*TASK STATEMENT:*
Once the line containing "Historia zatrzymana w" has been written out, stop; until then, restate each line of the entries below word for word from the first.

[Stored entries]
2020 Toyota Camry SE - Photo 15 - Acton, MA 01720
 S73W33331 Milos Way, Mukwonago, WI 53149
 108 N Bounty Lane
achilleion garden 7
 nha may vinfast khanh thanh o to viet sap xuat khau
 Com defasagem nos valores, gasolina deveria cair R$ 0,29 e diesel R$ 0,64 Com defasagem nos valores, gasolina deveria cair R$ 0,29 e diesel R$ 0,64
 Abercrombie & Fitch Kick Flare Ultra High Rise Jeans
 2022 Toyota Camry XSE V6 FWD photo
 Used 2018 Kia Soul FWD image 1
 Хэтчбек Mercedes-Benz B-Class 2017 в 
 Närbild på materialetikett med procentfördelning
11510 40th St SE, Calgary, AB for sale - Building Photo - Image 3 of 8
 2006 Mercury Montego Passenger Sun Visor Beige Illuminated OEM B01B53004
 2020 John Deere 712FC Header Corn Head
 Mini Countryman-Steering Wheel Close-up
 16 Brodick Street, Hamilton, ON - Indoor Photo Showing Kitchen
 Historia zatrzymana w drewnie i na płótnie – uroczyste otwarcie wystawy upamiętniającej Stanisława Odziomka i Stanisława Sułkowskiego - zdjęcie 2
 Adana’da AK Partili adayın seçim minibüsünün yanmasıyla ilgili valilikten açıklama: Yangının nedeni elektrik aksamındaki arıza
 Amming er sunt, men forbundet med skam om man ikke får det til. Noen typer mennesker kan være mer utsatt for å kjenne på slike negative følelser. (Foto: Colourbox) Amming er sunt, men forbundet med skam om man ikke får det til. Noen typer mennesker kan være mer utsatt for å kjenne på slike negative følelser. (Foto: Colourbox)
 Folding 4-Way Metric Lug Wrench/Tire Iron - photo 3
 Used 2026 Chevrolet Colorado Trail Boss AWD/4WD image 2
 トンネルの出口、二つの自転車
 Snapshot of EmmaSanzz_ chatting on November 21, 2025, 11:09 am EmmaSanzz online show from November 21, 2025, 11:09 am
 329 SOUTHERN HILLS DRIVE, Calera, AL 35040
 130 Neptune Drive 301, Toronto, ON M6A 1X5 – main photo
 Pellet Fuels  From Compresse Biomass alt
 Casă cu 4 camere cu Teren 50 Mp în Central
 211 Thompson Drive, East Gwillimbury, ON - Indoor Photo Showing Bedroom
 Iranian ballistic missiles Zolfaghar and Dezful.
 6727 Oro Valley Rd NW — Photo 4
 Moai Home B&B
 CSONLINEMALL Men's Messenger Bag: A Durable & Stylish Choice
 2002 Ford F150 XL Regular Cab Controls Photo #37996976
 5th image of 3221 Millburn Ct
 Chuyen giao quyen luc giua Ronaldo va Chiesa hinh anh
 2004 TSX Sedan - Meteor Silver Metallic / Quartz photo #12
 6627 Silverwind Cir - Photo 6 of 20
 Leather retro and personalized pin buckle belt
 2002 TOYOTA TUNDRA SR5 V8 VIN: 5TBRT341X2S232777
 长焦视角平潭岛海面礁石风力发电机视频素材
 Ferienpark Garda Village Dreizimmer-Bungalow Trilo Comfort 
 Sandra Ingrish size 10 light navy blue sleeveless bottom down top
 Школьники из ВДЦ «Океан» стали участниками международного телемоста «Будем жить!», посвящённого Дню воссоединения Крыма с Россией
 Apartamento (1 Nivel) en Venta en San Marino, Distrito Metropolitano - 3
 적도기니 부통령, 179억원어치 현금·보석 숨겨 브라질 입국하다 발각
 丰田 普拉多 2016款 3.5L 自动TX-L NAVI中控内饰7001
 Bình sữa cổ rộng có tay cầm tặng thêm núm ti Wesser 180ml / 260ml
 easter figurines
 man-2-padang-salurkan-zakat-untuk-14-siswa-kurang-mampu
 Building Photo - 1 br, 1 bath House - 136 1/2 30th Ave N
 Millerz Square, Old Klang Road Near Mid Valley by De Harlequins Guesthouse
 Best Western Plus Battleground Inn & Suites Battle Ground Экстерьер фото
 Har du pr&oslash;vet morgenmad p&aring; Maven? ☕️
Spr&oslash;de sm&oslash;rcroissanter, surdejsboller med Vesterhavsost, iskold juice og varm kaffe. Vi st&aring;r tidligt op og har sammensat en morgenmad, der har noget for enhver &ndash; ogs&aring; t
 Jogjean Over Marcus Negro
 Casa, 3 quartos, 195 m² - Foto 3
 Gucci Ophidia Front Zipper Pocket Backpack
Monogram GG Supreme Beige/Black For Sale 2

*TASK SOLUTION:*
2020 Toyota Camry SE - Photo 15 - Acton, MA 01720
 S73W33331 Milos Way, Mukwonago, WI 53149
 108 N Bounty Lane
achilleion garden 7
 nha may vinfast khanh thanh o to viet sap xuat khau
 Com defasagem nos valores, gasolina deveria cair R$ 0,29 e diesel R$ 0,64 Com defasagem nos valores, gasolina deveria cair R$ 0,29 e diesel R$ 0,64
 Abercrombie & Fitch Kick Flare Ultra High Rise Jeans
 2022 Toyota Camry XSE V6 FWD photo
 Used 2018 Kia Soul FWD image 1
 Хэтчбек Mercedes-Benz B-Class 2017 в 
 Närbild på materialetikett med procentfördelning
11510 40th St SE, Calgary, AB for sale - Building Photo - Image 3 of 8
 2006 Mercury Montego Passenger Sun Visor Beige Illuminated OEM B01B53004
 2020 John Deere 712FC Header Corn Head
 Mini Countryman-Steering Wheel Close-up
 16 Brodick Street, Hamilton, ON - Indoor Photo Showing Kitchen
 Historia zatrzymana w drewnie i na płótnie – uroczyste otwarcie wystawy upamiętniającej Stanisława Odziomka i Stanisława Sułkowskiego - zdjęcie 2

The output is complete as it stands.